09/26/2024 · Paper accepted to NeurIPS 2024

Our paper, "Personalized Instance-based Navigation Toward User-Specific Objects in Realistic Environments", has been accepted to NeurIPS 2024, Datasets and Benchmarks track!

08/03/2024 · Introducing LLaVa-MORE

🔥 Today we are introducing LLaVA-MORE, a family of models that enhances LLaVA by integrating LLaMA 3.1 as the language model.
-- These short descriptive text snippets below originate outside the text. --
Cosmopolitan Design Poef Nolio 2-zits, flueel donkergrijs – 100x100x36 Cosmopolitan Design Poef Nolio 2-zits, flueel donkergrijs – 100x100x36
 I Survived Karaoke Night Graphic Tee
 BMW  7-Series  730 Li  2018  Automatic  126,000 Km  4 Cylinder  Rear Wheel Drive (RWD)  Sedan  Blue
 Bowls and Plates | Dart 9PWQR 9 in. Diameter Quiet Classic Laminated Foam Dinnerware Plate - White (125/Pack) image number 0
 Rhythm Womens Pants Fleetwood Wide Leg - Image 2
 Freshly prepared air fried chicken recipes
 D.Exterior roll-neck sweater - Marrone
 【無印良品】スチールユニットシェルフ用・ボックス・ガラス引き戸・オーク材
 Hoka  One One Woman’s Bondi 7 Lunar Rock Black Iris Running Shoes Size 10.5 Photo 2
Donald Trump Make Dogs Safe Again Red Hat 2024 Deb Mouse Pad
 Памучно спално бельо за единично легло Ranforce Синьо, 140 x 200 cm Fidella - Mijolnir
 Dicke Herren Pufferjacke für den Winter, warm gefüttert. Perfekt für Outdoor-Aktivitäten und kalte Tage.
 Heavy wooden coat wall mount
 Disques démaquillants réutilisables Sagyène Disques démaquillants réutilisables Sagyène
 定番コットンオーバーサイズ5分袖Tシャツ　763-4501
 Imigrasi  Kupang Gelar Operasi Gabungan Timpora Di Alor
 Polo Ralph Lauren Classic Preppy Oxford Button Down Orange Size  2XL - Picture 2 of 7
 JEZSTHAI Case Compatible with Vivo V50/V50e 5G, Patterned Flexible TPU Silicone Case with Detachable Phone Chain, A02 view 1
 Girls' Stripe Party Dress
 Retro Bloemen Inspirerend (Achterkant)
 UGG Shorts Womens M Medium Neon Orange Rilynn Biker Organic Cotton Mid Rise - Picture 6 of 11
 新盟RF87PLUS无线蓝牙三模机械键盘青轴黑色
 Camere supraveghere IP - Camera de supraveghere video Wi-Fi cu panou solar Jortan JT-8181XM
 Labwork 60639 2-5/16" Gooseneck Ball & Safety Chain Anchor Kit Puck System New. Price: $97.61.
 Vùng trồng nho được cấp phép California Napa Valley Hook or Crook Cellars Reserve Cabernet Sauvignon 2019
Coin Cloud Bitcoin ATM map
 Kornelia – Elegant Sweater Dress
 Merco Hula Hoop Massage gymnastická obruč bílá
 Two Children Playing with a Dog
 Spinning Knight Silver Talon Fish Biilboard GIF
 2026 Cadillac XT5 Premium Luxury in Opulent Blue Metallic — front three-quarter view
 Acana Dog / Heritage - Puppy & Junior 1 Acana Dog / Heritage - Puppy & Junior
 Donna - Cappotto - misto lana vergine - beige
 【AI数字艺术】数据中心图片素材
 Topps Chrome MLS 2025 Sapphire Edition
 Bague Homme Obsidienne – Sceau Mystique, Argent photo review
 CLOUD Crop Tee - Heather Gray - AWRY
Check out our Github repo!

07/20/2024 · Oral paper accepted to BMVC 2024

Our paper, "Revisiting Image Captioning Training Paradigm via Direct CLIP-based Optimization", has been accepted for oral presentation to BMVC 2024!

07/12/2024 · Research Grant Positions Available!

👉 We have open research grant positions within the PRIN projects "MUCES - a Multimedia platform for Content Enrichment and Search in audiovisual archives" and "MUSMA: Multimedia Understanding meets Social Media Analysis". If you are interested, please get in touch!

07/04/2024 · MINERVA proposal successful!

Our proposal MINERVA, submitted to the DIGITAL-EUROHPC-JU-2023-AISC-03-01 call, and coordinated by CINECA, has been successfully approved!

07/01/2024 · Three papers accepted at ECCV 2024!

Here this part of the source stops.